S'aidant l'un l'autre, Diego et sa mère finissent par repérer le sentier qui figure sur leur plan. On fait l'ascension de l'Askopé, la montée est raide et l'effort est rude, mais cela va mieux ensuite. On a de la chance, car on ne rencontre dans le secteur ni militaires espagnols ni gardiens de l'ordre français. Les enfants se montrent sages et obéissants, ils suivent leur maman sans broncher. Mais, tout à coup, rompant ce calme apparent, Andoni est pris de sanglots : il prend conscience qu'il ne reverra plus tout ce qu'il a connu et qu'il va s'enfoncer dans une terre étrangère, où rien ni personne ne lui est familier. Ana le prend dans ses bras maternels pour le réconforter. Puis l'on se remet en route et l'on cherche un refuge pour la nuit. Cet abri sera une borde aménagée par un berger pour lui et ses moutons, mais présentement inoccupée.
Après le repas pris sur les réserves, Ana réunit ses fils pour les féliciter d'avoir marché sans se plaindre ; elle leur explique que cela va encore durer quelques jours, qu'il faudra emprunter les chemins de crête pour éviter la maréchaussée, surtout sans papiers en règle, mais que la langue basque sera un bon laissez-passer si on rencontre d'aventure quelques bergers. En attendant, il ne reste plus qu'à dormir et qu'à effacer les traces de son passage. Un seul ne trouve pas de suite le sommeil, Andoni, et l'on recueille au passage ses impressions enfantines dans la douceur de cette nuit qui le berce comme une mère, avec un courant d'air frais qui lui frôle la joue. Tout un monde à découvrir, sur lequel les paupières de l'enfant se referment pour ces quelques heures de repos. le matin, la marche reprend. On se désaltère d'une eau pure et rafraîchissante à la source du col des Trois Fontaines et l'on découvre un fortin en s'approchant de la baie de Saint-Jean-de-Luz, les petits y jouent à faire la guerre et leur mère n'a pas le coeur de les en empêcher. S'ils savaient...

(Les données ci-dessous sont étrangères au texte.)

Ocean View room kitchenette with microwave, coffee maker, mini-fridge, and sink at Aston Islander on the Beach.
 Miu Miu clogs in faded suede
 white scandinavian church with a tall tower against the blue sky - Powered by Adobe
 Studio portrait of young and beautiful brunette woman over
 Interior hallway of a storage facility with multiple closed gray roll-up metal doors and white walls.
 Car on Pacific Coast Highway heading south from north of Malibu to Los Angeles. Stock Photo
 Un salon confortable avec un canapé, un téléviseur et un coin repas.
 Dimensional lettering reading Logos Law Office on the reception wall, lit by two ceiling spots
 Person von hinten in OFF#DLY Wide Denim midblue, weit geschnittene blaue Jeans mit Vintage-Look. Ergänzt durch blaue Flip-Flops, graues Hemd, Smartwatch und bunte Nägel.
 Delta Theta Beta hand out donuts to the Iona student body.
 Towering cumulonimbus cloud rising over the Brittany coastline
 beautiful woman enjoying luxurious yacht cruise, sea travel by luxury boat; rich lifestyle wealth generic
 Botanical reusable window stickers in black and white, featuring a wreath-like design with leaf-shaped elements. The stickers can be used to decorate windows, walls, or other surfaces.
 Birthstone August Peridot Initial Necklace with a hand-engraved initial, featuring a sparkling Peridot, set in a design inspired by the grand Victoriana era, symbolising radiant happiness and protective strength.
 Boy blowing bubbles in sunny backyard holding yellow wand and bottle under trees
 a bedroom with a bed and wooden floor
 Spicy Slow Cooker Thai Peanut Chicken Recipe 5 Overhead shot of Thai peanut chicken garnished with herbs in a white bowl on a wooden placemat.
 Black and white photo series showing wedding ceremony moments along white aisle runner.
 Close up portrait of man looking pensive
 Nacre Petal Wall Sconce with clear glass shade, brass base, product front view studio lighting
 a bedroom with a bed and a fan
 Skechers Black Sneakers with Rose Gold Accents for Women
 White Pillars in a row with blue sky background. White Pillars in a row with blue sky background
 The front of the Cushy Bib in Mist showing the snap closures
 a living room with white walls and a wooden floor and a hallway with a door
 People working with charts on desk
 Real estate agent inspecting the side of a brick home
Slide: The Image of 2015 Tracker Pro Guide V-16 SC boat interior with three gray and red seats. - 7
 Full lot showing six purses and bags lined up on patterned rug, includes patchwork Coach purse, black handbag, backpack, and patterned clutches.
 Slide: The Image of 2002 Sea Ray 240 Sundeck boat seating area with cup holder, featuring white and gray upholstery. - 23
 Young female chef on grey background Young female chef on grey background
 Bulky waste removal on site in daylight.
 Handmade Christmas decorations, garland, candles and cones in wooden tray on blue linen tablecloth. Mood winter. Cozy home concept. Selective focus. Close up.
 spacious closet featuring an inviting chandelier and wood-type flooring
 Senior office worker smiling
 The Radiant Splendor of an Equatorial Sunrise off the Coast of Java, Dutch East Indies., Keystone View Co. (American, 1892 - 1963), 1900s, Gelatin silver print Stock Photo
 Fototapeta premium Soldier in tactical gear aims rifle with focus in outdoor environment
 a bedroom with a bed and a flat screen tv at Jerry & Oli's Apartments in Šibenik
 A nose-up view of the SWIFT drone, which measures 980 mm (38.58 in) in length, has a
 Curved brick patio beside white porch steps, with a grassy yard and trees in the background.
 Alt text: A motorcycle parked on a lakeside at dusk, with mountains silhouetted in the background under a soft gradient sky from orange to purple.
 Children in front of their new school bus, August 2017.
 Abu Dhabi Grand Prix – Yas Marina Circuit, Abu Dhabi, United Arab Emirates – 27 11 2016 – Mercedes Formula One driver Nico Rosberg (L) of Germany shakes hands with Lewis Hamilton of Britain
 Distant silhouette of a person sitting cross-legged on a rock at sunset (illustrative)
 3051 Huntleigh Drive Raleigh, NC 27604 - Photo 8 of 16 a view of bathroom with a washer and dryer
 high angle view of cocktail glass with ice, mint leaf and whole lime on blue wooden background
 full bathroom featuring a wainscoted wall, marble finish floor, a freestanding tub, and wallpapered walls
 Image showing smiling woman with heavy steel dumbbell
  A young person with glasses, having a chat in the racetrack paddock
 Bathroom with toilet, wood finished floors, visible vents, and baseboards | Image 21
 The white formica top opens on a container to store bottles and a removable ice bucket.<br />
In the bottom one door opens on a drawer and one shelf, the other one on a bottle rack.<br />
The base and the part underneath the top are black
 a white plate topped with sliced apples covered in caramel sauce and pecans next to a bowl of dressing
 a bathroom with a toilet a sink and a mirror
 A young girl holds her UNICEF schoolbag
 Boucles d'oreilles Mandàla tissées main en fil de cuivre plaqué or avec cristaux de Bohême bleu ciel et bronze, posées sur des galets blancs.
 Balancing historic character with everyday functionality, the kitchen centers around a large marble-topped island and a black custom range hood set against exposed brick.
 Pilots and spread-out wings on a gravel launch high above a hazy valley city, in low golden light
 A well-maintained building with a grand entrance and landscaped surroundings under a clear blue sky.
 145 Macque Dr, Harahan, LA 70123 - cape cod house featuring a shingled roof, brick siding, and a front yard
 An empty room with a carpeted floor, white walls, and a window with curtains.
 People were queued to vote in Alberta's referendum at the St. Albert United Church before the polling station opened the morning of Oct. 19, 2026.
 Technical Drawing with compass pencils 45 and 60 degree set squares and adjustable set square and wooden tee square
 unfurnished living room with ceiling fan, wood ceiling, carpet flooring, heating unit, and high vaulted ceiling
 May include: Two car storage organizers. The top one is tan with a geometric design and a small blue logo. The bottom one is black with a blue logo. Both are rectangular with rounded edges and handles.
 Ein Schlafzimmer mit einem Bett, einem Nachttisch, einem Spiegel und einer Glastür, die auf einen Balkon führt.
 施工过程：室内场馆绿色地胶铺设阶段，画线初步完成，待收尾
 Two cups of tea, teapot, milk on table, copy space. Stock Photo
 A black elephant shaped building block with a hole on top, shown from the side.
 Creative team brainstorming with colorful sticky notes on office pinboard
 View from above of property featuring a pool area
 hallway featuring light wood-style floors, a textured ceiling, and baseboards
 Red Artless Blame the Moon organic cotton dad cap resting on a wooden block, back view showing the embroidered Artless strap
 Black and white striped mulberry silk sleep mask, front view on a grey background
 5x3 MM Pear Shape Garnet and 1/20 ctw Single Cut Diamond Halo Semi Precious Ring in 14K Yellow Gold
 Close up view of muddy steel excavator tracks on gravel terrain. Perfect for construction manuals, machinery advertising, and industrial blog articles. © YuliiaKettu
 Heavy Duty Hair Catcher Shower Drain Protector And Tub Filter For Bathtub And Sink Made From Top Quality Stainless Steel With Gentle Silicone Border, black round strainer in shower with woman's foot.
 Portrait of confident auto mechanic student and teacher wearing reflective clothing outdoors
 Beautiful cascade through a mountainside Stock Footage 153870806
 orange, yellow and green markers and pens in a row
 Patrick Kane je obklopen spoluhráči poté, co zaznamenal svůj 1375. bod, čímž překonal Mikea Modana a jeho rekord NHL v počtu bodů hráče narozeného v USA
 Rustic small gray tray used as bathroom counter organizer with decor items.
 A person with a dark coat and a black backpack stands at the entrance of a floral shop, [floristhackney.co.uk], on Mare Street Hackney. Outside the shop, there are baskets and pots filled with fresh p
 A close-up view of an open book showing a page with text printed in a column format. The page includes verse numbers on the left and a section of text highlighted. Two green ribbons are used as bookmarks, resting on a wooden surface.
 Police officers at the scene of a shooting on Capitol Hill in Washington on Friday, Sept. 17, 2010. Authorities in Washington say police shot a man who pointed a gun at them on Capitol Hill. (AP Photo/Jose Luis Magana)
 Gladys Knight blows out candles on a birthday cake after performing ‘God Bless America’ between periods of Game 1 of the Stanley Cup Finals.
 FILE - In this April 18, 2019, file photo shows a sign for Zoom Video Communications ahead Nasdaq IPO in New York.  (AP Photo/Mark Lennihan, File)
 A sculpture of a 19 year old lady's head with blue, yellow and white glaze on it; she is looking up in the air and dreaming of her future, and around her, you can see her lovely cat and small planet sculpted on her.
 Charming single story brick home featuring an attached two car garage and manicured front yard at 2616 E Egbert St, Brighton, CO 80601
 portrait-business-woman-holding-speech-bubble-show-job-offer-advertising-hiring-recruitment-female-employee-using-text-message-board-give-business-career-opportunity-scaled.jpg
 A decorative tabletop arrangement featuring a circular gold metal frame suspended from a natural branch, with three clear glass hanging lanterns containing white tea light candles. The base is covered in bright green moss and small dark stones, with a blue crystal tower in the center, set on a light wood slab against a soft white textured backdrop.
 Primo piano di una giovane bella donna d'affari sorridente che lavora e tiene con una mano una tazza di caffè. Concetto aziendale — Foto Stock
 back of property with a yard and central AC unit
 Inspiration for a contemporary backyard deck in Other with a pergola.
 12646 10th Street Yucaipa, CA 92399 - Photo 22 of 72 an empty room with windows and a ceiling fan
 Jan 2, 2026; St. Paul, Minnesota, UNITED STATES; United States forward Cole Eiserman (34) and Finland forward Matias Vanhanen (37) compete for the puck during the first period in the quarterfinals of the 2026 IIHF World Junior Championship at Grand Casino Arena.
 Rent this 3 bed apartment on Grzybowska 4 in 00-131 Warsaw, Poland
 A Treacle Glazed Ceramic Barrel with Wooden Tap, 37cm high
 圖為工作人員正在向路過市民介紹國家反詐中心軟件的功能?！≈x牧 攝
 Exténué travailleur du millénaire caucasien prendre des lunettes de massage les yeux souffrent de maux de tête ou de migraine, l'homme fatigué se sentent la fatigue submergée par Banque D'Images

Sur la piste, Ana maudit le Ciel de ne pas lui venir en aide, et c'est alors qu'elle voit un berger qui lui propose, en parler basque, de les conduire jusqu'à son cayolar pour partager avec eux un peu de sa nourriture, puis de leur montrer le chemin de la bière de son frère, au Col de Pinodieta, non loin d'Espelette, où Ana dit vouloir rejoindre sa cousine. Par de hautes collines, en évitant au passage tout lieu habité, on arrive enfin à la ferme isolée qui marque le terme de cette folle équipées. Les cousins vont se retrouver.
Les protagonistes de cette histoire ne sont cependant pas au bout de leur peine, mais je laisse ici au lecteur le soin de découvrir la suite de cette histoire qui n transporte et chavire le coeur.
Je ne veux pas en dire davantage, de peur d'en dire trop, si ce n'est que l'auteur a donné une suite à cette histoire bouleversante en écrivant un livre intitulé : L'enquête.
Je referme ce livre avec une grande émotion.